We finally got moving, wary under very different conditions. The sky was now streaked with muted greys, almost black in places, layering the whole park with a shroud. Autumn foliage was no longer vibrant and bright, but consisted of muted browns and muddy olive greens. We hoped it might clear with time, but sensibly planned for the more likely scenario – dull, persistent rain. With waterproof jackets donned, we started off in the reverse direction of yesterday’s run, following the lake shore on easy paths. We covered distance quickly and soon were back at the tall straight bridge, but passed by rather than crossing. From here the path quickly deteriorated, a less used route. It was steeper now, up and down in rugged, rocky bumps, the surface deeply cracked and broken like it had recently been subject to flash floods.

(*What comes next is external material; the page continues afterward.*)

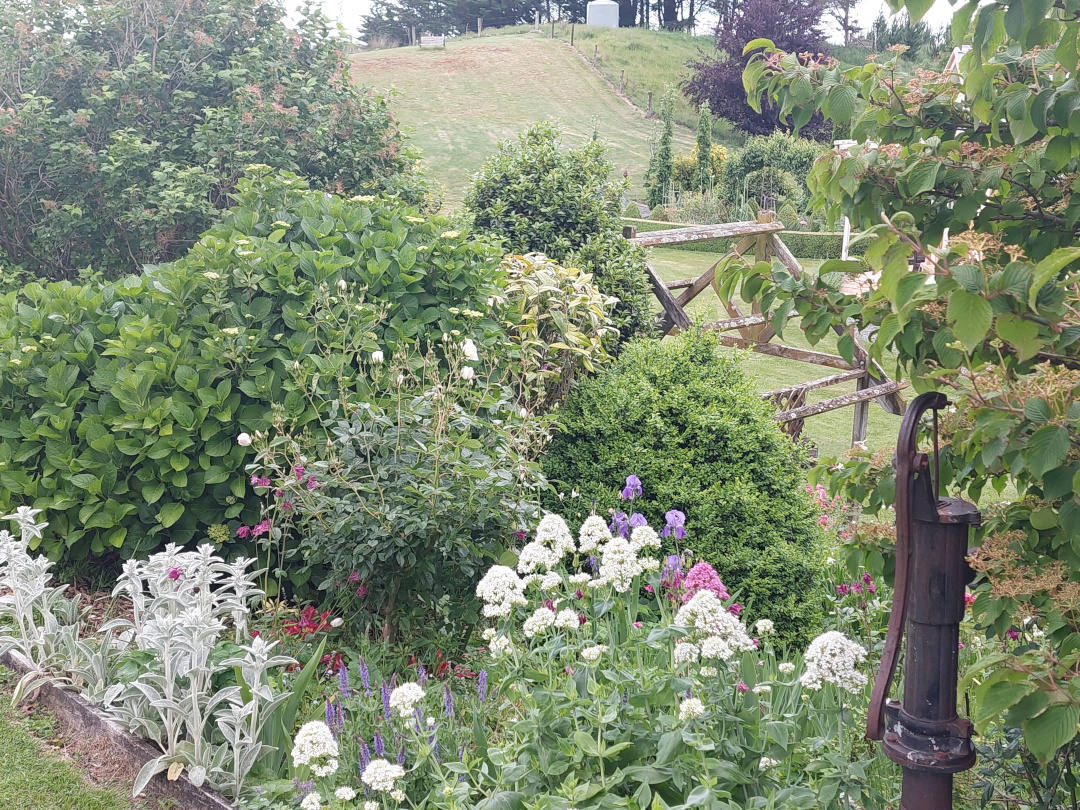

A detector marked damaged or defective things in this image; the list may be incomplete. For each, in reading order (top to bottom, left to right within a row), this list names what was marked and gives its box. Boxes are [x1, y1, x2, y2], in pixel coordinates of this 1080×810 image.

We had to dismount and push for a couple of the steeper climbs, the path too poor to gain traction. Soon after we joined a tarmac road, glad for the easy going. With a miserable drizzle filling the air, and with low visibility across the lake, we decided to stick on the road and enjoy a simpler stretch, cruising downhill and across a river before rising smoothly up to meet the main dam. We paused soon after to nibble fruit cake on a timber bench and could barely see the walls of the dam opposite – such a different day from before. Soaked through and devoid of views, we pushed on with a shortcut in mind. Before we got there Nicky’s front tyre was punctured and we had to pause on the path, in heavy rain, to fix it. Only here did we discover all our glues had expired so a patch was impossible but we also carried a spare tube, so this was fitted and we were on our way again.

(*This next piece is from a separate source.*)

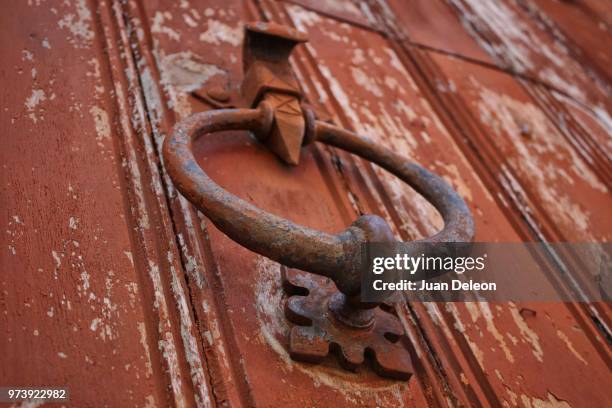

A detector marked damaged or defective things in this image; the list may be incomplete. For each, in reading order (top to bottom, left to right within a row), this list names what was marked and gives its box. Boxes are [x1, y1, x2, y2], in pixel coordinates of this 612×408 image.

rusted metal bracket [161, 21, 474, 382]
rusty iron door knocker [163, 21, 474, 380]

At the top left-hand corner of the lake, near Landa, we decided to forego the shore-hugging cycle route and, heads down, quickly progressed down the shorter, straighter, easy tarmac route to Marieta. Turning right off the road, we re-joined the wiggling cycle path, walked across a pedestrian bridge we’d ran over the day before and, after another grassy shortcut, we happily arrived back at Benny. Our shortcut had reduced the lap to 37km, rather than the expected 44km. Drying, cleaning, rinsing, showering and packing dominated our next hour, as we faced the usual motorhome struggle of what to do with a load of sodden gear, especially when the rains persist outside. We steamed cosily inside, reading and supping tea much of the afternoon.

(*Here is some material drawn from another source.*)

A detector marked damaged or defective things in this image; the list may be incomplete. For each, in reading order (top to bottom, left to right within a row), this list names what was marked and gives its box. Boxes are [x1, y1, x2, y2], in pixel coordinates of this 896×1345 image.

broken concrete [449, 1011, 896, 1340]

Late afternoon, after a warming rest, we got a little restless and decided on a short walk. The weather had dried up and small patches of blue sky were visible in the otherwise grey murk. We followed the road back towards the tourist office, before cutting left to ascend to a local high point. Stone steps formed the route, our leg muscles being tested again. Adding just this small raise changed the perspective over the lake. We spent a few restful moments at the top picking out places we had visited and spotting key landmarks in the rolling landscape. A small number of vivid copper trees lit up the vista, set between a sea of darkened green, lime and white leaves. At a distance we could just see the river that had been dammed to form the reservoir.
At the bottom of the mound we passed a metal sculpture of a dinosaur-like creature that, like the polar bear in Tromsø before it, just had to be climbed. (always a child at heart).